Introduction. In computational mathematics, variational methods for minimizing discrete energies are widely used for the regularization of ill-posed problems. However, standard discrete schemes often suffer from scale inconsistency: upon mesh refinement (h→0), weights depending on unnormalized jumps of the function degenerate, leading to trivializationof the anisotropic properties of the limiting operator. In this paper, a computational method is proposed that solves this problem by parameterizing the Dirichlet distribution and employing rigorously justified anisotropic spatial regularization.

   Materials and Methods. The mathematical model is formulated as an optimization problem for a composite functional in the space of grid functions. The functional includes an expected logarithmic loss function, Kullback-Leibler regularization, and spatial regularizers of the weighted Dirichlet energy type. To ensure the structural consistency of the discrete operator, edge-aware weight functions are constructed strictly through normalized finite differences. The asymptotic behavior of the discrete energies is investigated using the apparatus of Γ-convergence.

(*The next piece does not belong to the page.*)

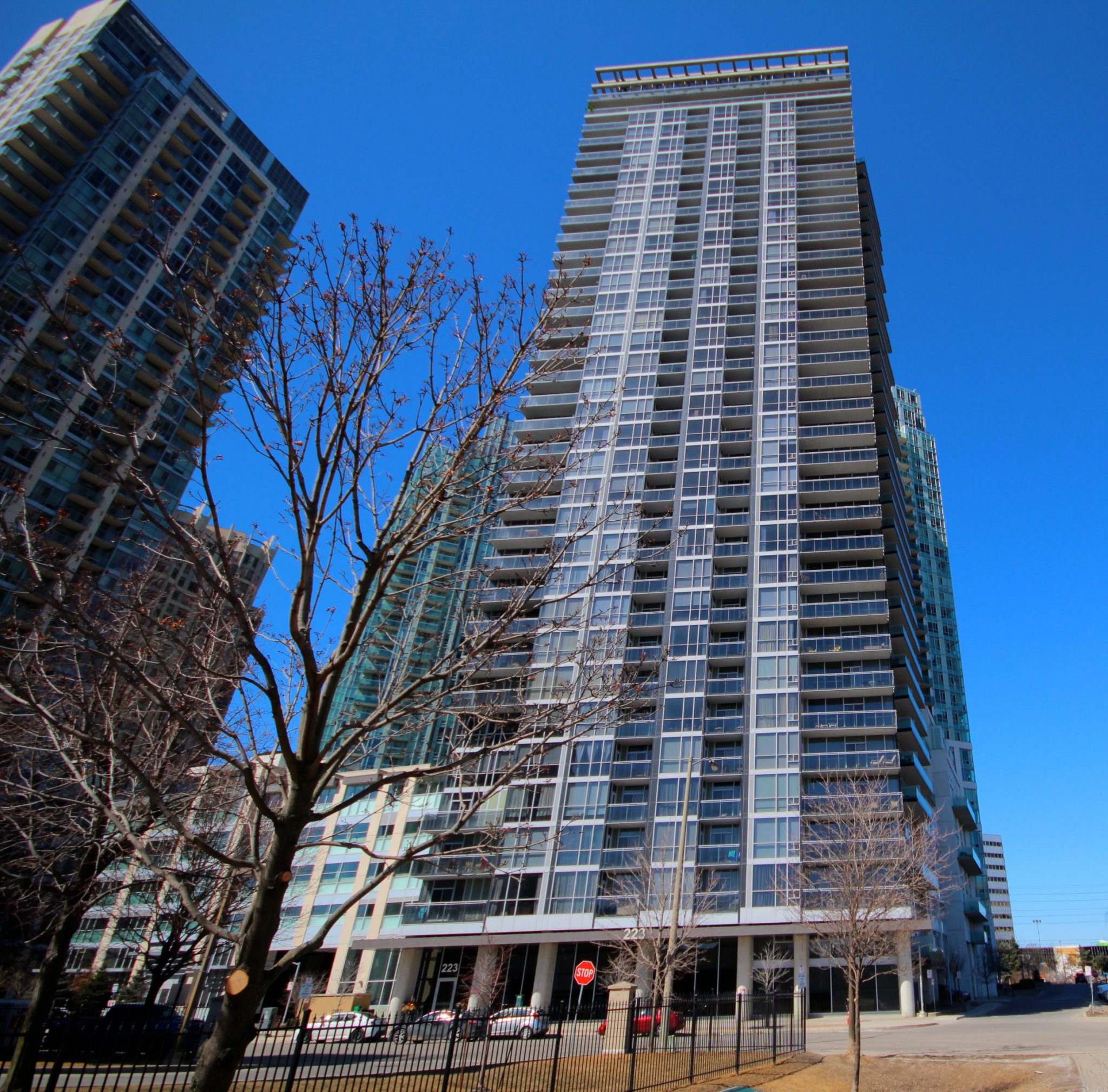 223 b Drive, Unit 601, Mississauga Keith & Franҫoise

   Results. The main theoretical result of the work is a mathematical proof of the Γ-convergence of a family of discrete anisotropic functionals to a non-trivial continuous limit in the L²(Ω) topology. The equicoercivity of the discrete energies is proven, guaranteeing the convergence of a sequence of almost minimizers to the solution of the continuous problem.

   Discussion. The use of normalized finite differences in constructing the weights restores dimensional homogeneity and ensures strict scale invariance of the discretization of non-local operators.

   Conclusion. The proposed method successfully links continuous variational formulations with discrete predictive models, providing a theoretically justified and computationally efficient tool (additional inference costs amount to 17–18 %) with controlled error.